In Faichney (1972) 129 CLR, at p 43 Mason J. said that a study in a home was a part of that home "no matter how great the extent of its dedication in point of use to the pursuit of those activities from which the taxpayer earns his income". His Honour (1972) 129 CLR, at p 44 distinguished the case of a doctor's surgery integral with his home. He observed that "a study does not cease to be part of a taxpayer's home because it is used by the taxpayer for the pursuit of activities from which he earns his income. However the doctor's surgery is not in a relevant sense part of his home; it is his place of business . . . ". (at p188)

As I read those judgments the above represents the substance of the reasoning which led in each case to disallowance of the claim to deduct interest. In Thomas the decision was squarely based upon the expenditure being of a capital, private or domestic nature; likewise in Faichney, save that Mason J. was at pains to point out that he was not thereby to be taken as assuming that the outgoing would in any event have fallen within the general class of business expenses. (at p188)

In each of these cases the use made by the taxpayer of the room in question was not regarded as the critical feature. Rather it seems to have been the physical character of that room, forming as it did an integral part of the taxpayer's home, which was regarded as decisive. However Mason J. would not regard mere physical unity as necessarily disqualifying, as was shown by his remarks concerning a doctor's surgery. With respect, this must clearly be correct: it cannot matter that the proprietor of a small suburban shop lives behind that shop in premises integral with it; the rent attributable to the shop will none the less surely be deductible. Nor can it matter to what degree the two parts intercommunicate; s. 51 (1) cannot be affected by vagaries of architecture or design. (at p188)

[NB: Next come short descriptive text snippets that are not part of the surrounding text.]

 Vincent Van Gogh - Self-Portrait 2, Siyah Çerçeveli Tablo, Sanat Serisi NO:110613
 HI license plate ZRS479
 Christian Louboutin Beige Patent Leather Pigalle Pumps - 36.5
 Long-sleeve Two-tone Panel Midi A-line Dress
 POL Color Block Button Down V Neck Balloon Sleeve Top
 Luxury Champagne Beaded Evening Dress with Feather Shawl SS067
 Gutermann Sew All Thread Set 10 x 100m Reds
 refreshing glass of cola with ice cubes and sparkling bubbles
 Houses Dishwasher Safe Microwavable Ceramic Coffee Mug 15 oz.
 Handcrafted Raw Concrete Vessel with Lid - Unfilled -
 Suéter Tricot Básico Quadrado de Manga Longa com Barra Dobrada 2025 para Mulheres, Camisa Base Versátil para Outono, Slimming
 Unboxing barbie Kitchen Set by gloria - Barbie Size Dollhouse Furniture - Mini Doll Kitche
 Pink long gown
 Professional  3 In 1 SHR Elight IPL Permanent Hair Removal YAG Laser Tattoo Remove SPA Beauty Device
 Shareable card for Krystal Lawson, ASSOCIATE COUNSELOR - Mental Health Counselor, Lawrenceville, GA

Wherein then lies the distinction between shop or surgery on the one hand and so-called home office on the other? It can scarcely reside in the fact that in addition to the home office the taxpayer maintains elsewhere another and principal place of business. A surgery will be none the less a surgery, properly regarded as a place of business, although the doctor conducts most of his practice at some central clinic or larger surgery distant from his home. A fruiterer is not to be denied deductions in respect of the suburban fruit shop behind which he lives because he also conducts a more substantial business at a lock-up fruit shop in some nearby shopping centre. (at p188)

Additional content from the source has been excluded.